Lo so che si capisce che non è solo un cumulo di rifiuti e che sotto c’è una persona. Però ti devi sforzare. E’ un uomo. “Si che è vivo” mi dicono alcuni ragazzi che giocano a pallavolo a qualche metro di distanza. Lo sanno perché lo hanno visto muoversi una mezz’oretta fa. Qualcuno è più informato. Sta lì da una quindicina di giorni.

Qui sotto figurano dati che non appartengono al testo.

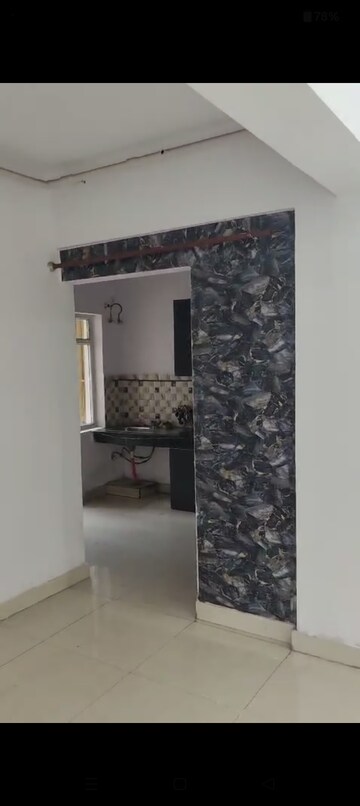 Kitchen in 3.5 BHK Apartment at Aarcity Regency Park, Sector 16c Greater Noida – for Rent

No, non mi sono spiegato. Sta proprio lì, proprio sulla panchina, da una quindicina di giorni. Non si muove. Uno dice che ogni tanto si alza e va a sedersi nella panchina che gli sta di fronte, giusto un paio di minuti, per sgranchirsi. Poi torna in posizione supina, avvolto nella sua coperta. Vengo a sapere che indossa tre felpe, di quelle pesanti. Mi domando quale oscuro meccanismo gli abbia impedito di liquefarsi o vaporizzarsi con la temperatura che abbiamo. C’è un liquido giallo in una delle tante bottiglie di plastica. E non è vino.
Una donna mi dice che è una persona conosciuta dalle organizzazioni di volontariato che la notte vanno in giro per la città, a distribuire generi di conforto ai vari barboni. Lui, prende, ma non consuma. Conserva. Forse per i piccioni. Pare che sia un giovane di buona famiglia e che sia andato fuori di testa per via di una donna che lo ha lasciato. E’ impazzito d’amore.
La suggestione è troppo forte per me. Provo ad avvicinarmi, con cautela. Non è paura la mia. Se è impazzito per amore non può farmi del male. E’ una teoria scientifica che elaboro all’istante. Non so neppure se è cosa farò quando sarò abbastanza vicino. Ma provo a farlo. Il lezzo che lo circonda è però insopportabile, nauseabondo. Mi allontano. E poi, sta lì da una quindicina di giorni. Ormai fa parte del paesaggio.